Another group, #JR4NHS, backed by prominent doctors, lawyers, academics and cultural figures as well as the renowned physicist Professor Stephen Hawking, has successfully crowd-funded its bid to seek a judicial review to stop NHS England from introducing ACOs without proper public consultation and without full Parliamentary scrutiny.
Campaign spokesperson Allyson Pollock, Professor of Public Health at Newcastle University and author of NHS Plc, warned that Accountable Care Systems were an import from the US. Furthermore, ACOs were non-NHS bodies not recognised in any Act of Parliament yet they would be able to decide “on the boundary of what care is free and what has to be paid for and will be paid more if they save money.”
Such has been the opposition to the plans that last week NHS chiefs agreed to run a full consultation on ACOs over a period of almost three months.
Professor Pollock told the World Socialist Web Site, “I am delighted that the government and NHS England have now accepted that there must be a national public consultation on ACOs, and that no ACO contract will be signed until that’s happened. It should not have needed expensive legal action to make this happen.

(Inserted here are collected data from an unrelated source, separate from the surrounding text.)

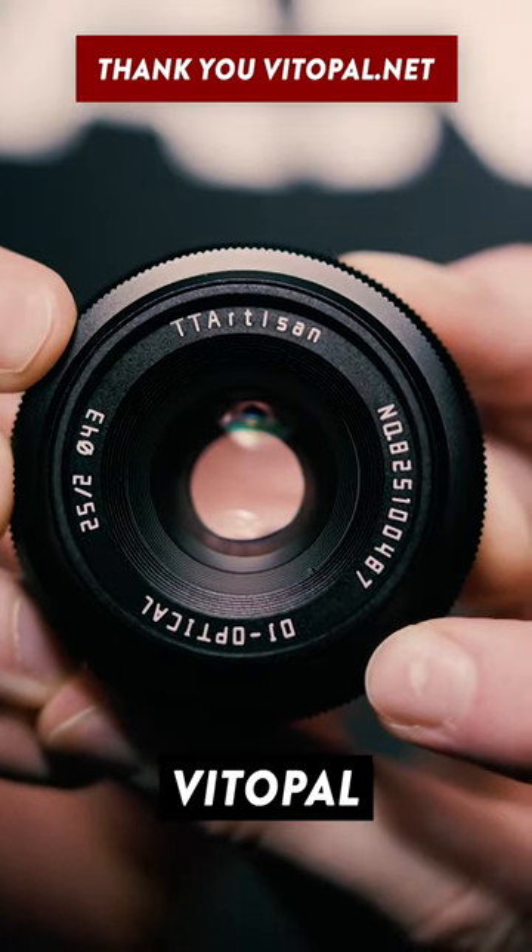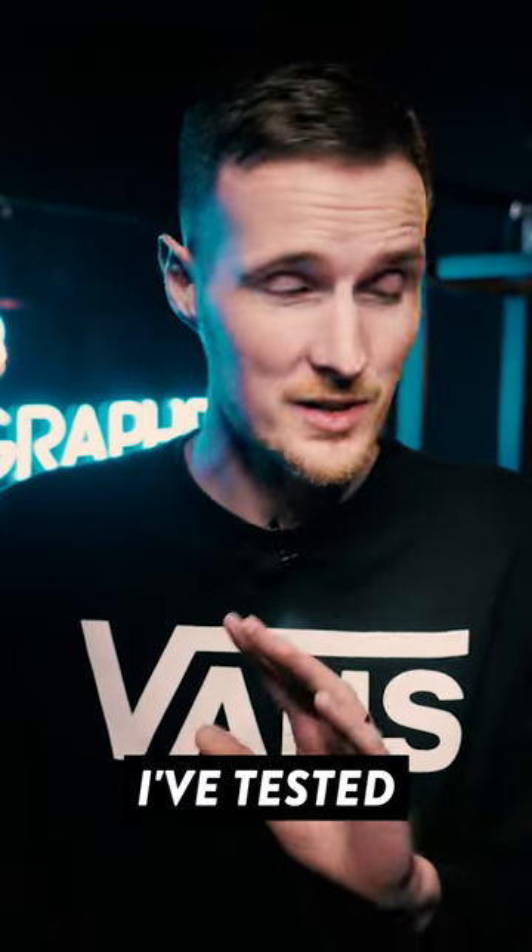This lens came from our friends over at Vitapal and has just become available in Sony E-mount. At first I've got to admit I was very skeptical, because I've tested plenty of cheap manual focus lenses in the past and most of them have been underwhelming, to be polite.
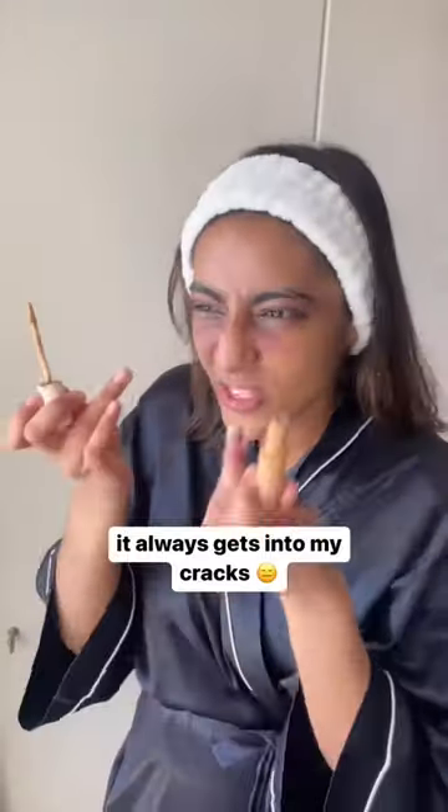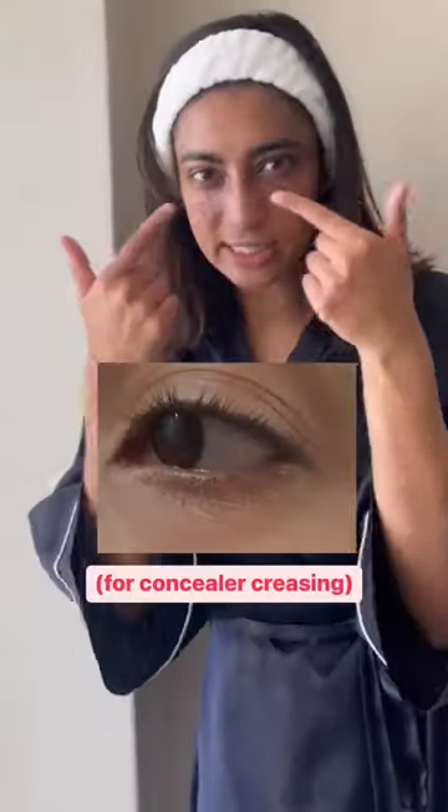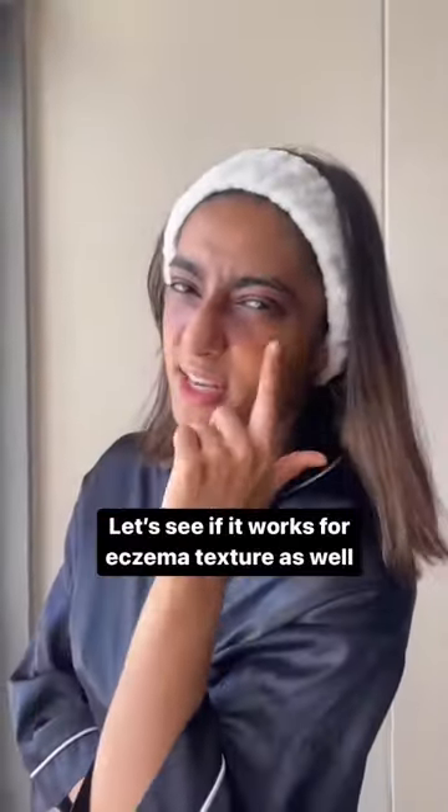My eczema is quite textured and rough underneath my eyes, so whenever I put concealer on, it always gets into my cracks. I found these tips from a celebrity makeup artist for concealer creasing — let's see if it works for eczema texture as well.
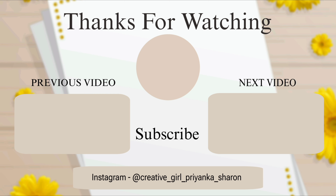Today I showed you a minimal natural no-makeup makeup look. We will see you in our next video. Till then, keep watching, stay well, be blessed. I am Priyanka Sharon signing off — love you, friends, bye-bye!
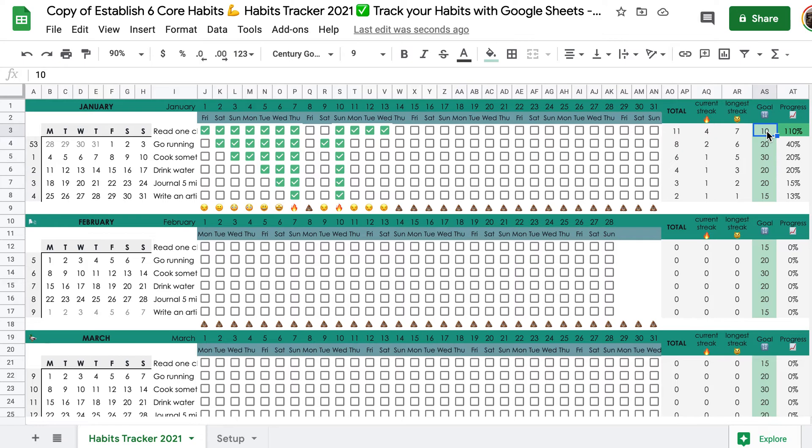This is new — we don't necessarily need to do a habit every single day. Maybe we have a target we want to hit for the month. So we want to read a chapter 10 times a month, go running 20 times, cook something healthy 15 days, drink water every single day — this month has 31 days, so I'll put 31. You can set whatever goal you want in the green column. In the progress section, you'll see what percentage you're at, and once you hit 100%, the box turns green. We want every single box to turn green, because that means you hit your targets at the end of the month.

“It’s essential now that Jeremy Hunt [Secretary of State for Health and Social Care] holds off on the ACO regulations, as Sarah Wollaston [Chair of the House of Commons Liaison Committee and the Health Select Committee] has asked him to do, otherwise it will make a mockery of the consultation.
“I remain concerned about the lack of transparency and the need for primary legislation for such a radical shake-up of the NHS, which has always been the case in the past.”
In a separate development, #JR4NHS has also been granted permission to go to a hearing for a judicial review on the issue.